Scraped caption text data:
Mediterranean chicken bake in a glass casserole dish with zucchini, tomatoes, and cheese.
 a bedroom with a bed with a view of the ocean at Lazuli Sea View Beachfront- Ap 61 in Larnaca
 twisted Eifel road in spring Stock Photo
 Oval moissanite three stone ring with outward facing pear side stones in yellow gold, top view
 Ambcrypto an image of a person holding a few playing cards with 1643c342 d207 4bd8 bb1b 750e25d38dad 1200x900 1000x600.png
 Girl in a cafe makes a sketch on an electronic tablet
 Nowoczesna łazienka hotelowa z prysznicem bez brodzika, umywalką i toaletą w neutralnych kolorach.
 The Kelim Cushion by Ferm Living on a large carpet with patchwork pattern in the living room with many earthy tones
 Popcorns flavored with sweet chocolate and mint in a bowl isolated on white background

About this task: Provide an exact reproduction of all the entries shown above.

Result:
Mediterranean chicken bake in a glass casserole dish with zucchini, tomatoes, and cheese.
 a bedroom with a bed with a view of the ocean at Lazuli Sea View Beachfront- Ap 61 in Larnaca
 twisted Eifel road in spring Stock Photo
 Oval moissanite three stone ring with outward facing pear side stones in yellow gold, top view
 Ambcrypto an image of a person holding a few playing cards with 1643c342 d207 4bd8 bb1b 750e25d38dad 1200x900 1000x600.png
 Girl in a cafe makes a sketch on an electronic tablet
 Nowoczesna łazienka hotelowa z prysznicem bez brodzika, umywalką i toaletą w neutralnych kolorach.
 The Kelim Cushion by Ferm Living on a large carpet with patchwork pattern in the living room with many earthy tones
 Popcorns flavored with sweet chocolate and mint in a bowl isolated on white background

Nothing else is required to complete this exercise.